---------- Records supplied ----------

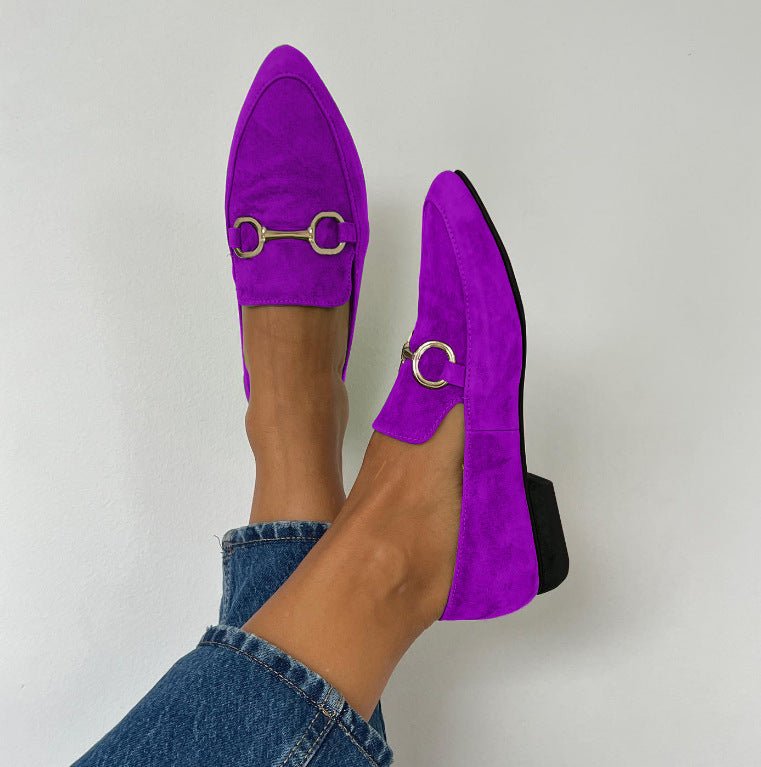 Chaussures Décontractées à Boucle Femme avec Bout Pointu - Allomarc.com
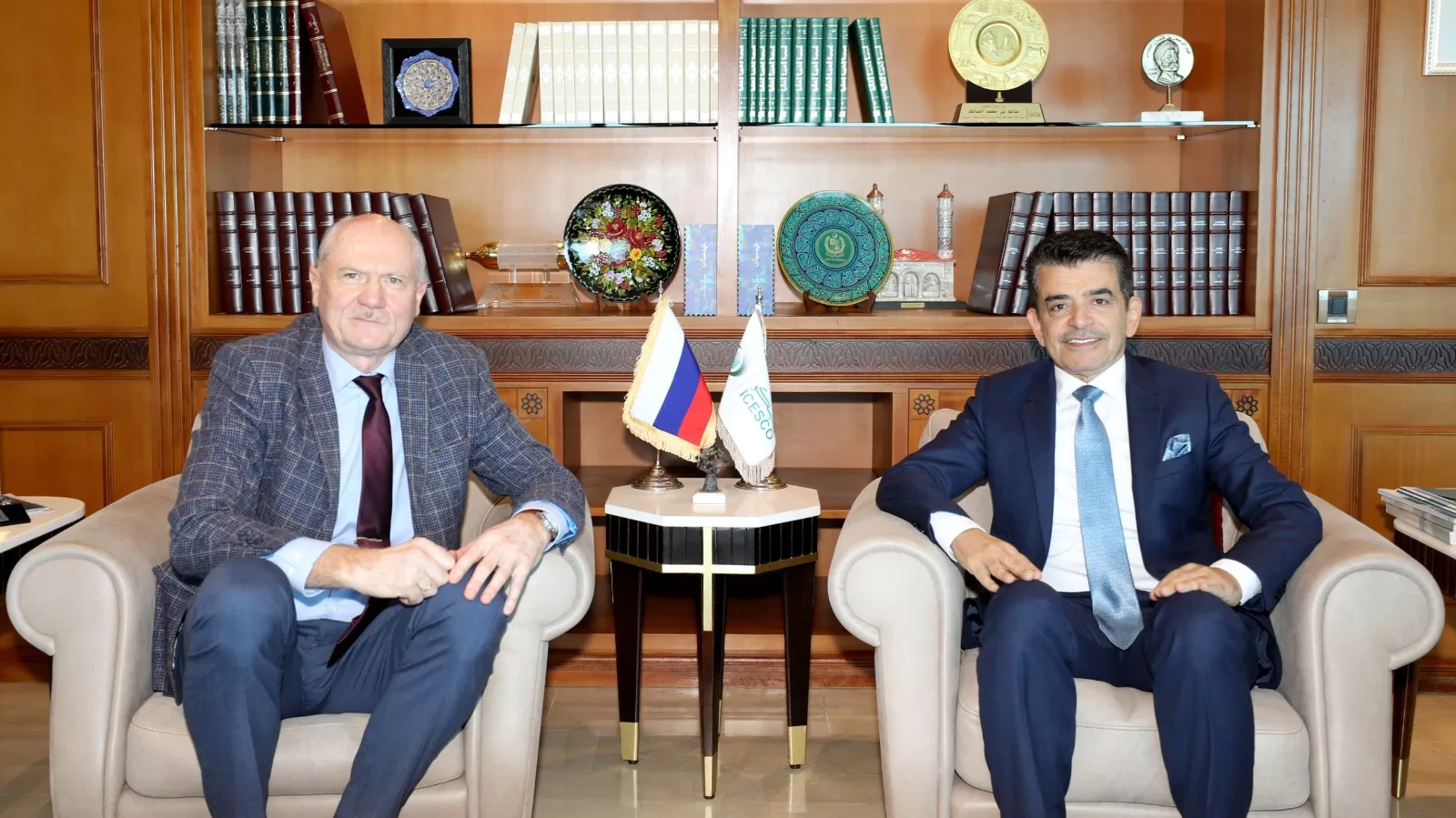 ICESCO Director-General receives the Ambassador of the Russian Federation in Rabat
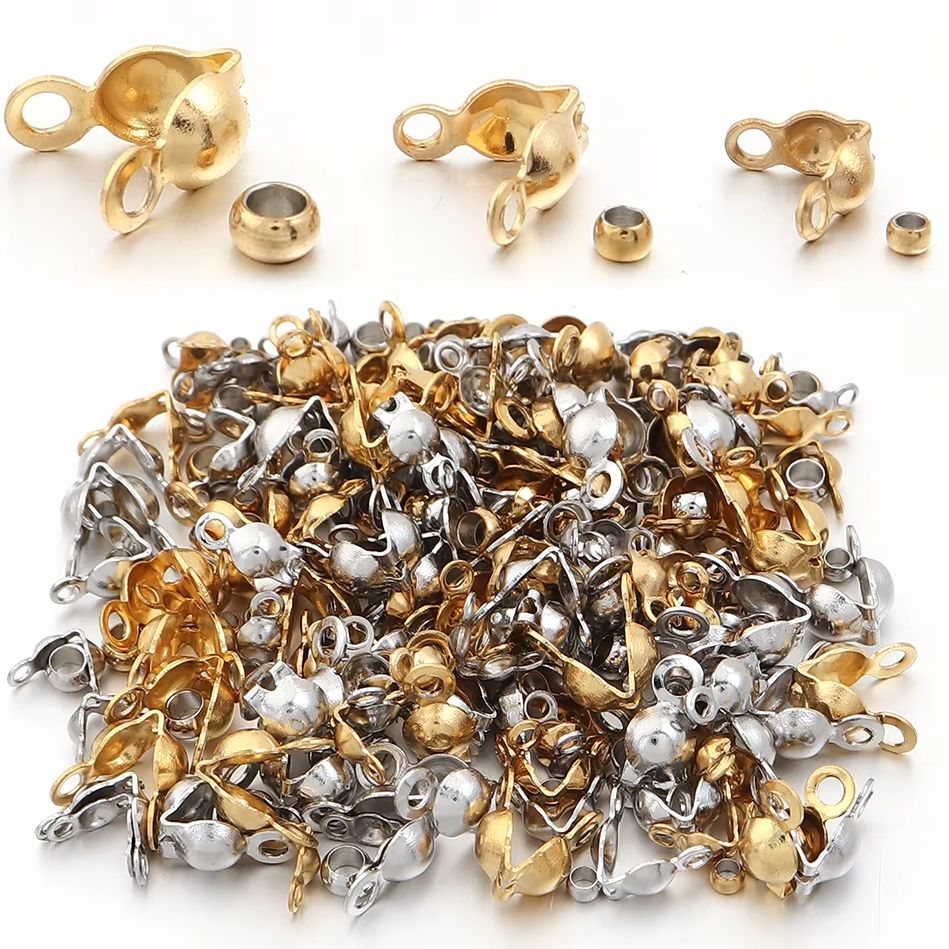 Jewelry Making Findings - 40-200pcs Stainless Steel Connector Clasp Crimp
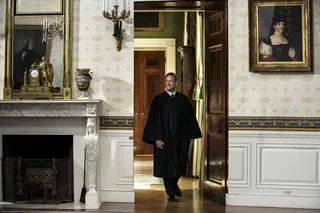 U.S. Supreme Court Chief Justice John Roberts Jr. - U.S. Supreme Court Chief Justice John Roberts Jr. administered the oath of office to Obama. (Photo: Brendan Smialowski-Pool/Getty Images)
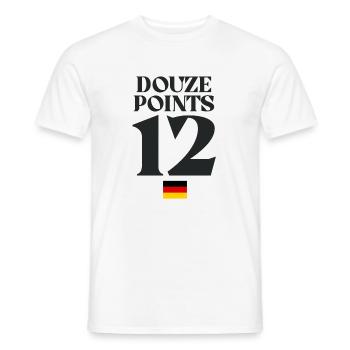 Dutzend Punkte 12 Deutschland Eurovision - Männer T-Shirt - Weiß - Vorne - AI Model Male 178 dark (178cm)
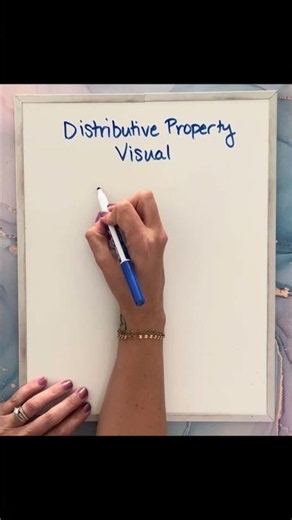 Distributive Property Visual of Area Model #mathshorts #middleschoolmath #mathhelp #prealgebra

----------

The records above must be printed exactly, but the pictures they hold should be omitted.

 Chaussures Décontractées à Boucle Femme avec Bout Pointu - Allomarc.com
 ICESCO Director-General receives the Ambassador of the Russian Federation in Rabat
 Jewelry Making Findings - 40-200pcs Stainless Steel Connector Clasp Crimp
 U.S. Supreme Court Chief Justice John Roberts Jr. - U.S. Supreme Court Chief Justice John Roberts Jr. administered the oath of office to Obama. (Photo: Brendan Smialowski-Pool/Getty Images)
 Dutzend Punkte 12 Deutschland Eurovision - Männer T-Shirt - Weiß - Vorne - AI Model Male 178 dark (178cm)
 Distributive Property Visual of Area Model #mathshorts #middleschoolmath #mathhelp #prealgebra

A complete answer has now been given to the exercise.